Hello wikidata-tech!
tl/dr:
we're going to move forward building a query service against
Titan/Cassandra rather than OrientDB or ArangoDB or anything else.
We
finally finished up the exploratory phase of building a Wikidata Query
Service we can run on the cluster. As a reminder, these were our goals:
1. Horizontal scalability for handling more queries and large data sets
2. Active user community outside of WMF
The system has to be able to answer questions like "find me all the humans without a date of death born more than 115 years ago" and "list the 10 biggest cities in Europe with female mayors" or "find me all writers who are not authors".
We're
perfectly happy if its something we have to hack on, but we don't want
to be the _only_ ones using it. That lands you in lsearchd like
situations where the open source world moves in a different direction
than you do and then no one knows how to support your software. You
become afraid to restart it, much less release new versions of it.

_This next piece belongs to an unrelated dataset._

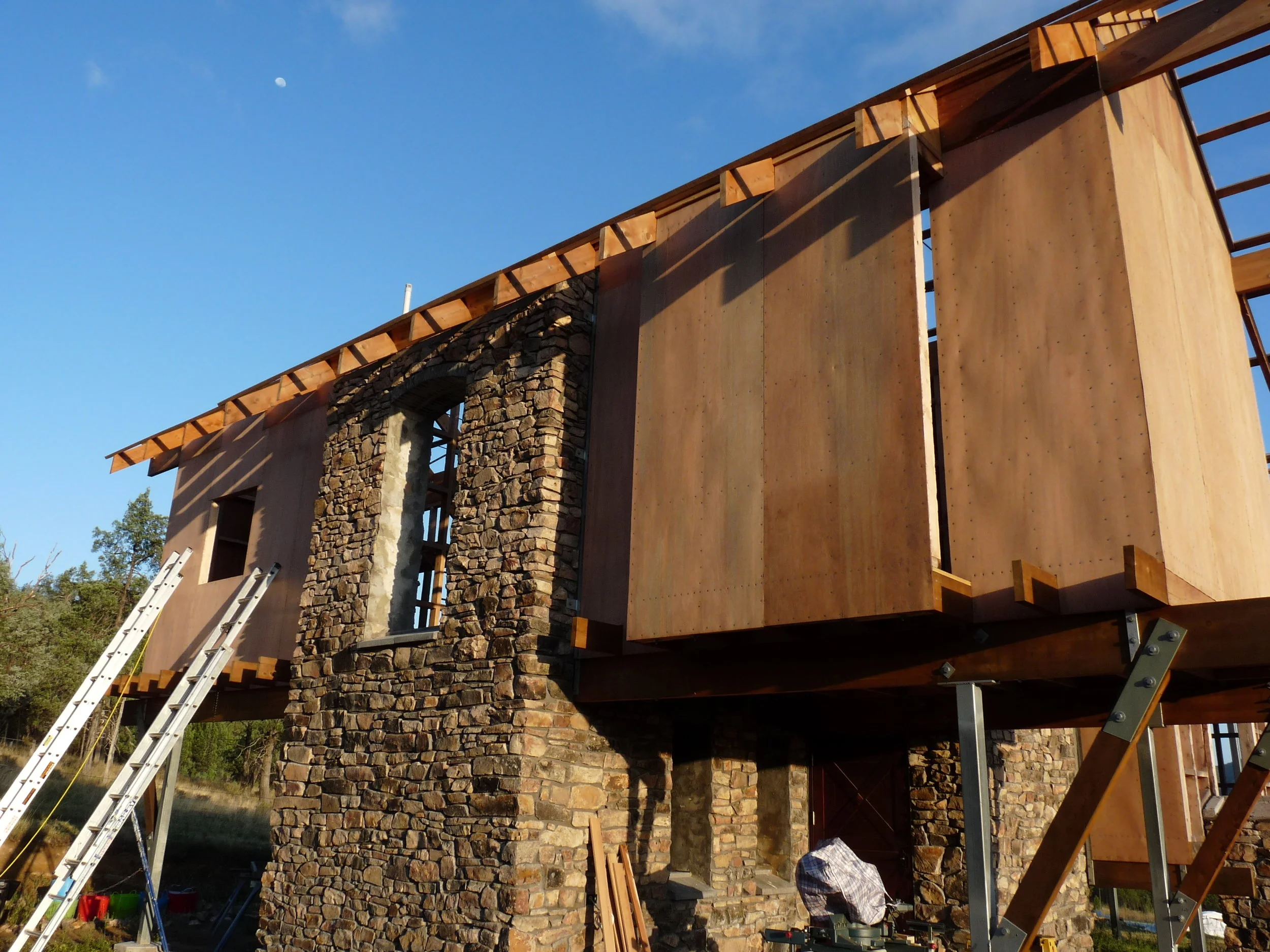 9 Sheet bracing complete on the bedroom floor......JPG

(BTW, Chad just pulled the last remaining trickle of traffic from it
today, party!)
So we identified three good candidates:
Titan (backed by Cassandra), OrientDB and ArangoDB. We prototyped
against both Titan and OrientDB and both worked pretty well. We didn't
have time to prototype against ArangoDB and we also had communications
mixup with upstream. Anyway, when it came down to it we had two working
prototypes so taking time to build a third felt a bit redundant. You
can see much of our notes
here.
The
trouble with two working prototypes is that you can't just flip a coin
to pick one. I guess you could, but instead we made a
spreadsheet.
We rated Titan and OrientDB in 25ish categories, weighted the
categories, and added the results and picked a winner. The process
wasn't perfect, but it was a thing of beauty to watch four people simultaneously edit the spreadsheet, leaving comments explaining most of
the numbers. Titan eventually won by a fairly wide margin so we're
proceeding with work on it.
I expect lots of people will
have comments. Please reply here and/or comment directly on the
spreadsheet. Everyone in WMF can leave comments on the sheet and most
interested parties at WMDE have been given rights to do so. I'm loath
to set the document to world comment-able for some reason.